[Exercise aim]: Retype the whole listing verbatim and keep the pictures out of it.

[Provided data]:
Segment Open

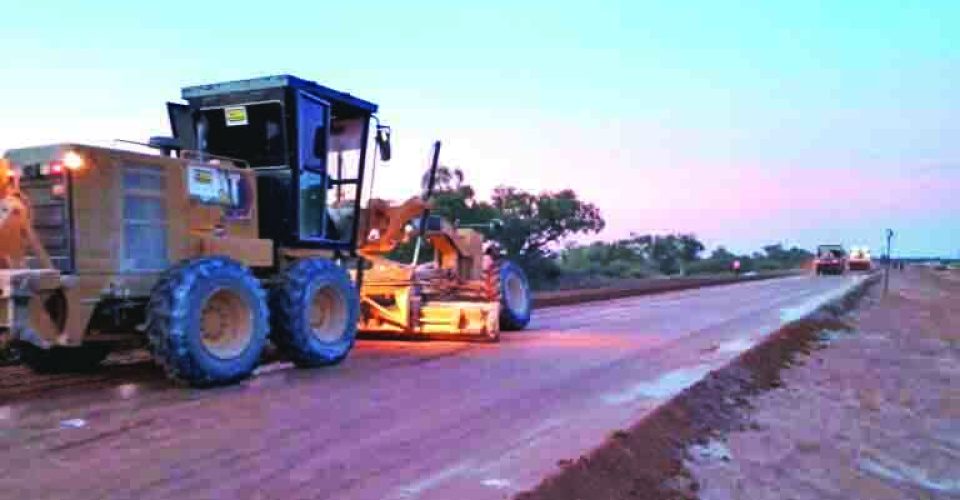 O canteiro de obras reúne cerca de 180 trabalhadores; 8% é da comunidade local - Foto: Mopc-PY
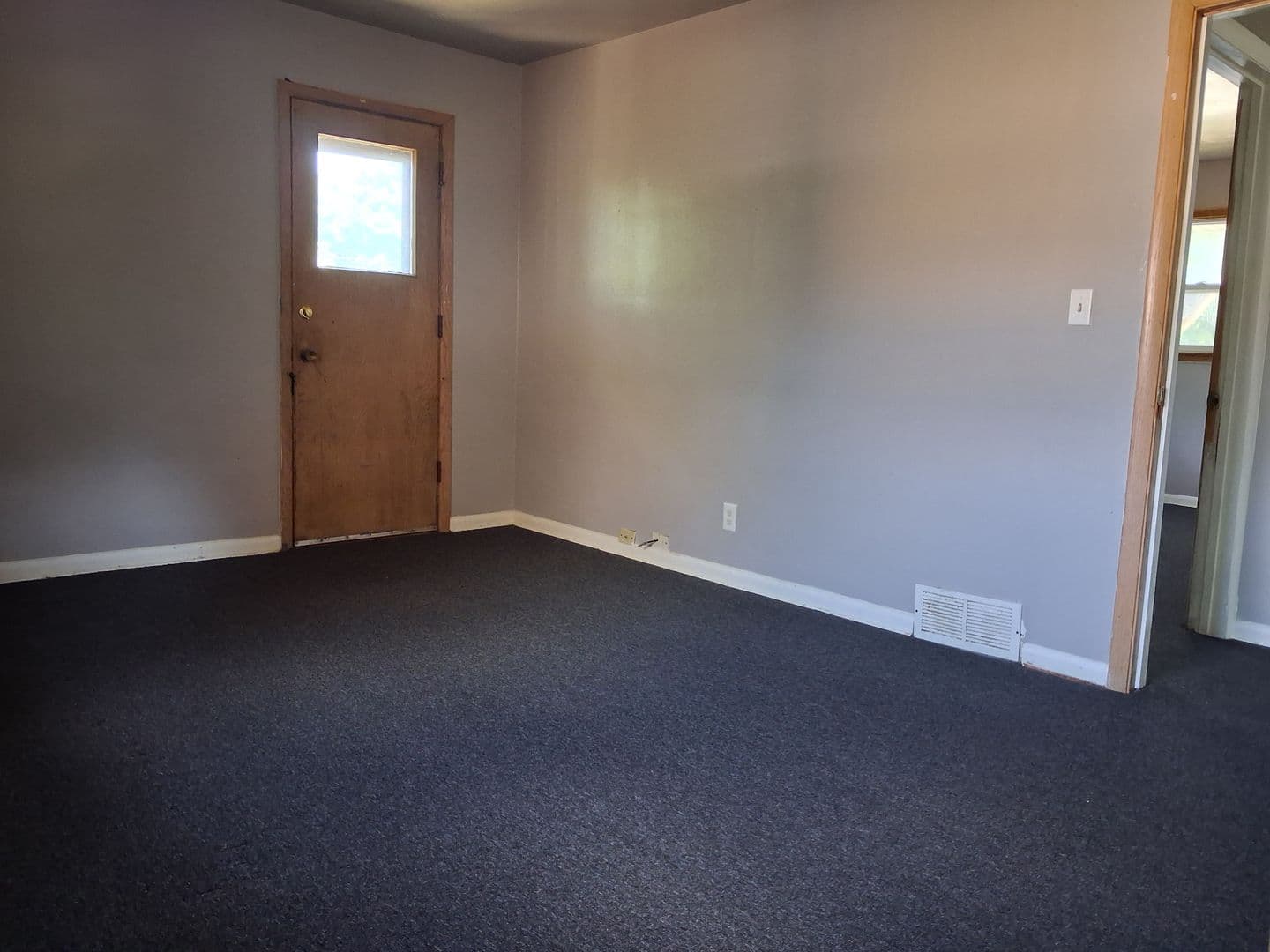 Milwaukee Apartment: 7106 West Congress Street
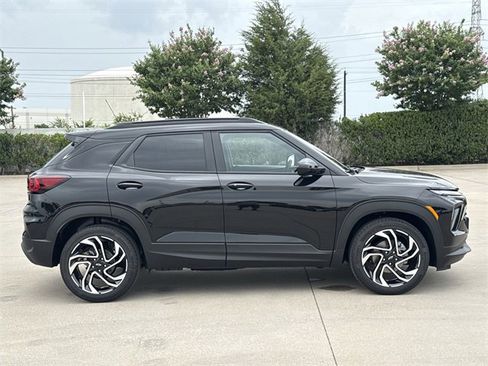 New 2026 Chevrolet TrailBlazer RS w/ Convenience Package image 3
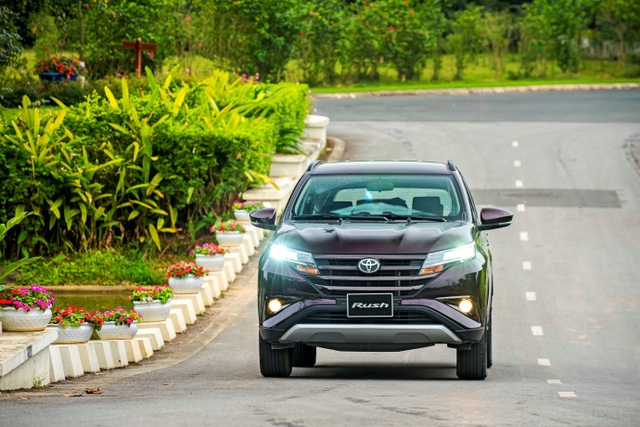 Sở hữu xe SUV 7 chỗ Toyota Rush với ưu đãi đến hơn 16 triệu đồng - 2 Sở hữu xe SUV 7 chỗ Toyota Rush với ưu đãi đến hơn 16 triệu đồng - 2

Segment Closed

[Answer to this task]:
 O canteiro de obras reúne cerca de 180 trabalhadores; 8% é da comunidade local - Foto: Mopc-PY
 Milwaukee Apartment: 7106 West Congress Street
 New 2026 Chevrolet TrailBlazer RS w/ Convenience Package image 3
 Sở hữu xe SUV 7 chỗ Toyota Rush với ưu đãi đến hơn 16 triệu đồng - 2 Sở hữu xe SUV 7 chỗ Toyota Rush với ưu đãi đến hơn 16 triệu đồng - 2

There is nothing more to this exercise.